2022.08.20

恐竜時代から神聖で王者なもの

お盆休みに妻の実家に帰省すると近くの池ではハスの花が咲き誇っていました。

先月のこのブログで紹介したホオズキと同じくこのハスの花もお盆のお花です。今回もこの「お盆のお花」から紹介したいと思います。

ハスは池や沼の底の地中の地下茎から水面まで茎を伸ばし葉を広げる水生植物です。茎には通気のための穴が通っています。地下茎はあのレンコンです。ハスの花とレンコンが同じ植物とはなかなか思えませんね。

このように泥のなかから出てきて、汚れのない美しい花を咲かせることから清らかさの象徴としてハスは太古から扱われてきました。ハスの原産地でもあるインドではインダス文明の頃から神聖なるものとされ、仏教では多くの仏具や仏教画にハスの花があしらわれており、仏道の象徴とされてきました。花言葉にも「神聖」「清らかな心」という意味を持っています。

ハスの花の花期は7~8月。早朝に咲き、昼には閉じてしまいます。午後も咲いている花はもう散ってしまう花です。葉の表面には水を弾く特殊な構造を持っており、泥水などが茎の内部に入り込むのを防いでいます。お盆では迎え火や送り火の際、火を消すためにハスの葉に水を貯める風習がありました。

花が終わり実を付けた姿も個性的です。これはフラワーアレンジメントや生け花でも使われています。

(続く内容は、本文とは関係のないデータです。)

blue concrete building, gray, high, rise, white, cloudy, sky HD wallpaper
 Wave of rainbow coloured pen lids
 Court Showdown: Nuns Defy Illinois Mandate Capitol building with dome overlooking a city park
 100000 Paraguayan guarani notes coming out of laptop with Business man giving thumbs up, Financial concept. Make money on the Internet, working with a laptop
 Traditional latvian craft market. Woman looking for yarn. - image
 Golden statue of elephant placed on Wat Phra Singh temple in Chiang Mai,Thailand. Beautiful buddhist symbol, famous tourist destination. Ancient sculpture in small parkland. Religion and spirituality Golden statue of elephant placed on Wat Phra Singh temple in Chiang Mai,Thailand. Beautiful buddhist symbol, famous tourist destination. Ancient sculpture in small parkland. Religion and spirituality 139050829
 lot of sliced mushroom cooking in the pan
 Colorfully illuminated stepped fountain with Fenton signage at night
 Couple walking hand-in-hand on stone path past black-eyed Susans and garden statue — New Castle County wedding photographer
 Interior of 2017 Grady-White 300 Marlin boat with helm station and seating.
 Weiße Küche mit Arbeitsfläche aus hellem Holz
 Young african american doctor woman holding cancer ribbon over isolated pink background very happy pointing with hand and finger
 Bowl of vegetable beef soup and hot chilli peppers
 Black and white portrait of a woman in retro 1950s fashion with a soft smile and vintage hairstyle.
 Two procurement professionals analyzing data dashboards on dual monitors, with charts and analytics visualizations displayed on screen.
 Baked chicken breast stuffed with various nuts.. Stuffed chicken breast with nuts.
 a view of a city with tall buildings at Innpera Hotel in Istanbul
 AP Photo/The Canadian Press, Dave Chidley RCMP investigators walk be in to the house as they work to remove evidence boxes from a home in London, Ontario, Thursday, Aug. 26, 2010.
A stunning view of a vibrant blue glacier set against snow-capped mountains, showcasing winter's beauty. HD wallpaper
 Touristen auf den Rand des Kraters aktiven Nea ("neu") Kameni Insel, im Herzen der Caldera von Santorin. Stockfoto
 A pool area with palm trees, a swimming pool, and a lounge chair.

ハスは1億4000万年前(白亜紀、恐竜時代!)からすでに存在していたといわれ、驚異的なところはその発芽能力。果実の皮はとても厚いため、土の中で発芽能力を長い間保持できます。2000年前(弥生時代)の遺跡で発見されたハスの果実が発芽した、という例もあるそうです!

 

ハスが1億4000万年なら、こちらも負けずに1億年の歴史があります。

エキゾチックな要素たっぷりのプロテアです(写真の花は開き切ってしまっています)。

こちらは南アフリカから熱帯アフリカにかけて100種ほど分布しており、大きいものでは花の大きさが直径30センチほどにもなります。

花は1本の枝に1輪の花のように見えますが、頭状花序という数多くの小さな花が集まってひとつの花を形成しています。花びらは「ガク」の集まりです。

プロテアは多様な形があるため自由自在に姿を変えることができるギリシャ神話の神「プロテウス」にその名の由来があります。花言葉にも「自由自在」というものがあり、他には「王者の風格」などです。

プロテアの花は自生地には昆虫ではなく鳥が蜜を吸いにやって来るというのは興味深い点です。オナガミツスイという鳥が受粉の役目をしております。

このプロテア、園芸店で手に入りますが南アフリカと日本では気候がかなり違うので注意が必要です。耐乾性ですが、高温多湿には弱い傾向があるので、日本の夏では乾燥気味にして風通しの良い半日陰がベストです。開花期は5~10月。蕾が開花するにはたくさんの水が必要で、あまり乾燥させ過ぎると花が咲かずにそのまま枯れてしまうこともあります。乾燥気味に水たっぷり?この矛盾を調整しながらの世話がまた難しいところであり楽しいところなのでしょう。